Patricia Dainton (born 12 April 1930) is a Scottish actress who appeared in a number of film and television roles between 1947 and 1961.

Early years
Dainton was born Margaret Bryden  Pate, in Hamilton, Scotland, the daughter of film and stage agent Vivienne Black. She left Scotland at age ten, moving to London. She attended the Italia Conti Academy of Theatre Arts in London and the Cone school of dance.

Stage
After her stage debut at Stratford-upon-Avon, Dainton acted in the suburbs of London, with roles in Babette, Watch on the Rhine, Quiet Wedding, and A Midsummer Night's Dream.

Film
Dainton's "dancing and acting debut in Technicolor" came in The Dancing Years, with her screen debut in the 1947 film Dancing with Crime. She trained at the Rank Organisation's "charm school". (Another source says that Dainton "made her first film debut in 1942 in The Bells Go Down.")  Her twin brother, George Bryden also made a couple of film and stage appearances around this time. 
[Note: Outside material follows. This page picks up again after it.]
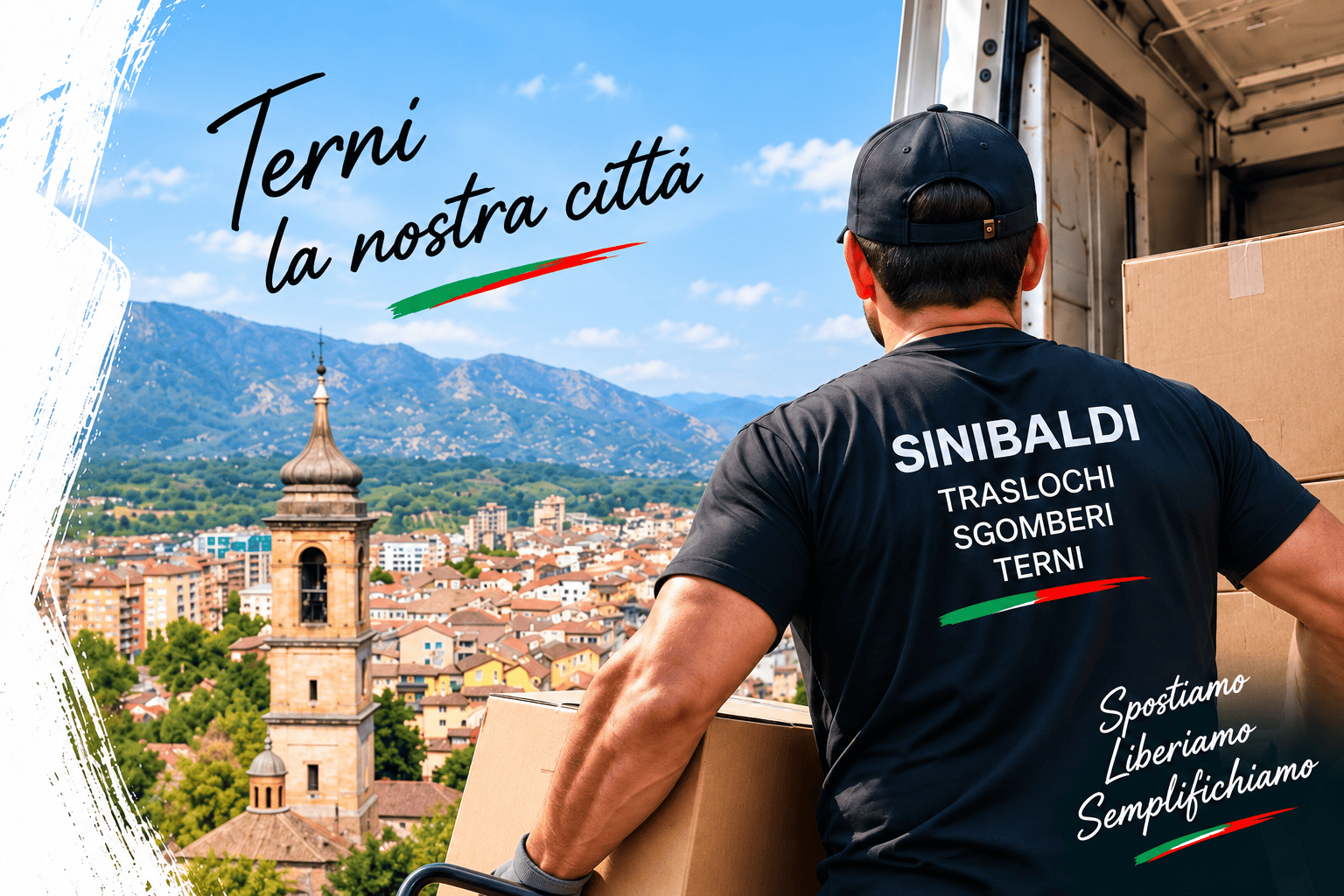 Piccoli Traslochi e Sgombri a Terni - Andrea Sinibaldi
As well as appearing in over a dozen film roles, Dainton starred in ITV's Sixpenny Corner, the UK's first daily soap. She appeared in 179 episodes between 1955 and 1956.

Dainton was married to the actor turned producer Norman Williams and they had four children.

In the autobiography of writer Robert Corfe, 'This Was My England', especially in Chapter 14 'My Love for an Actress', Corfe describes his teenage obsession with Dainton which led to gestures of suicide and murder.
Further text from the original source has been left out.